Material provided section start
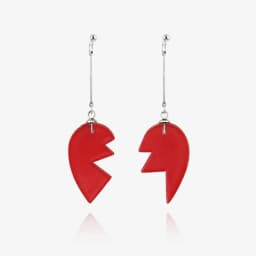 Anime JoJos Bizarre Adventure Necklace Red Stone of Aja Necklace Pendant Joseph Joestar Cosplay Accessories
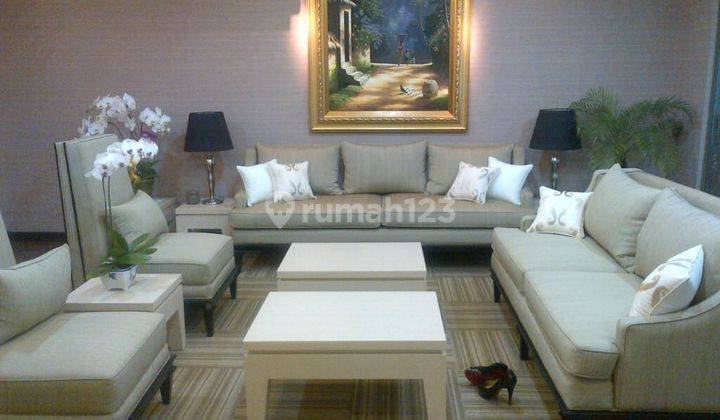 Dijual Disewakan Office Space di Grand Slipi Tower  2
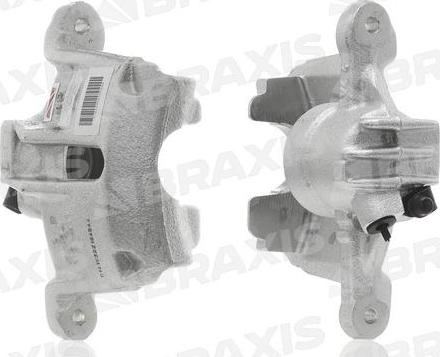 Braxis AG0046 - Bremssattel alexcarstop-ersatzteile.com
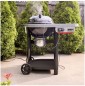 Preview: Weber Performer smarter Holzkohlegrill Ø 57 cm, 1501959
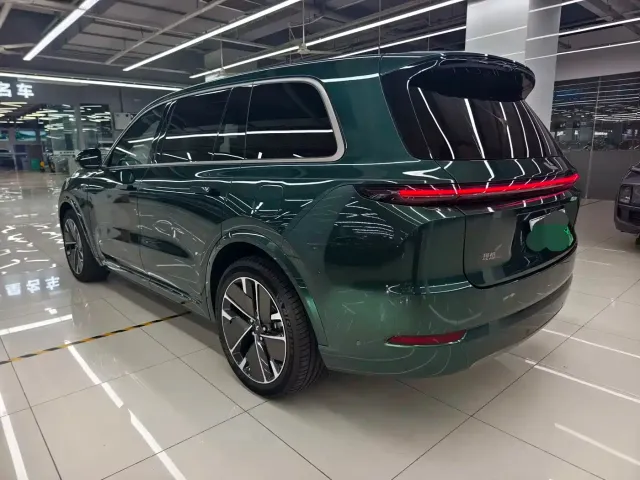 Li Auto L9 — Фото автомобиля 5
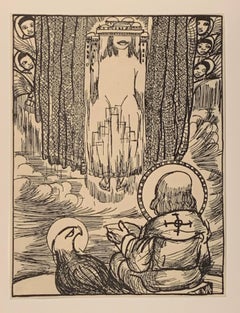 LA REVELACIÓN DE SAN JUAN EL DIVINO.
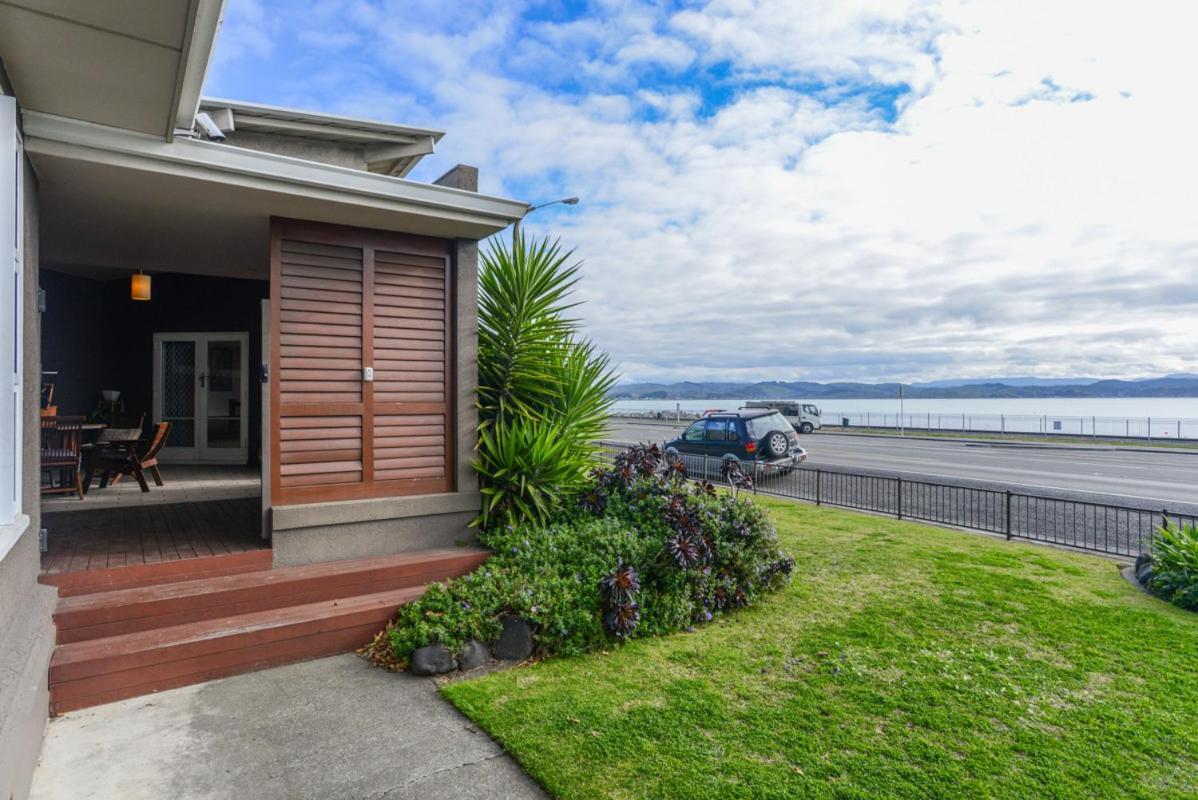 Breakwater Cottage - Napier Holiday Home Luaran gambar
Material provided section end
Output a verbatim copy of the lines from the line containing "LA REVELACIÓN DE SAN JUAN EL DIVINO." through the end of the data, both included, without any images.

 LA REVELACIÓN DE SAN JUAN EL DIVINO.
 Breakwater Cottage - Napier Holiday Home Luaran gambar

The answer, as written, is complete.